* _YOUR GOAL_: Within the lines below, the span from the line with "Kontorsarbetsplats, elektriskt höj- och" to the line with "El líder de", both ends included, is to be reproduced exactly, with pictures omitted.

TASK MATERIAL START

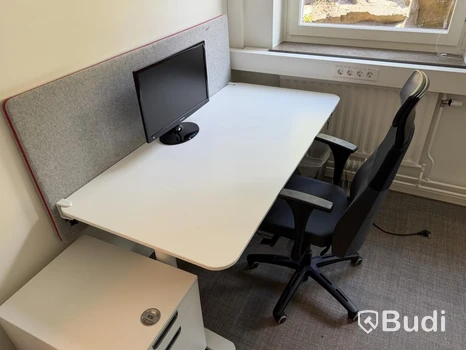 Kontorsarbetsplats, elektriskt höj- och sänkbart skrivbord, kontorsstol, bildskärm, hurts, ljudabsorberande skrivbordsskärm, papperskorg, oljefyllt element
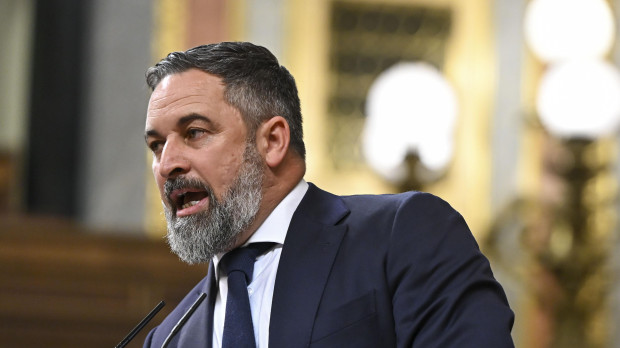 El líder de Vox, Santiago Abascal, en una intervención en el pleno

TASK MATERIAL END
TASK MATERIAL START

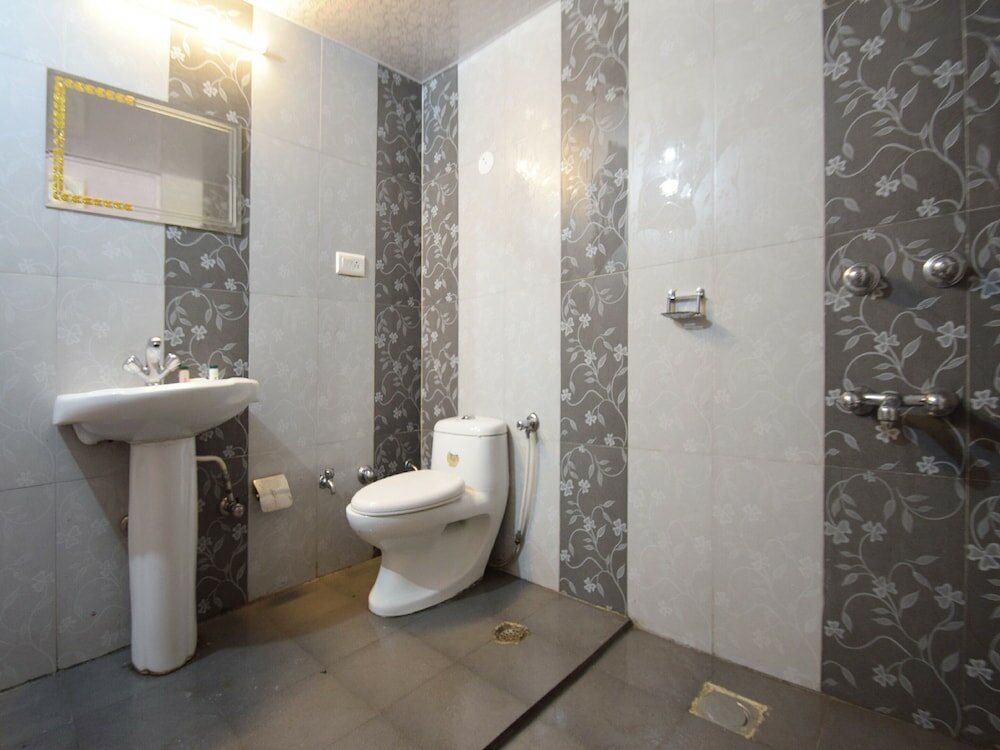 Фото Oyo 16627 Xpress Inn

TASK MATERIAL END

* _WRITTEN ANSWER_:
 Kontorsarbetsplats, elektriskt höj- och sänkbart skrivbord, kontorsstol, bildskärm, hurts, ljudabsorberande skrivbordsskärm, papperskorg, oljefyllt element
 El líder de Vox, Santiago Abascal, en una intervención en el pleno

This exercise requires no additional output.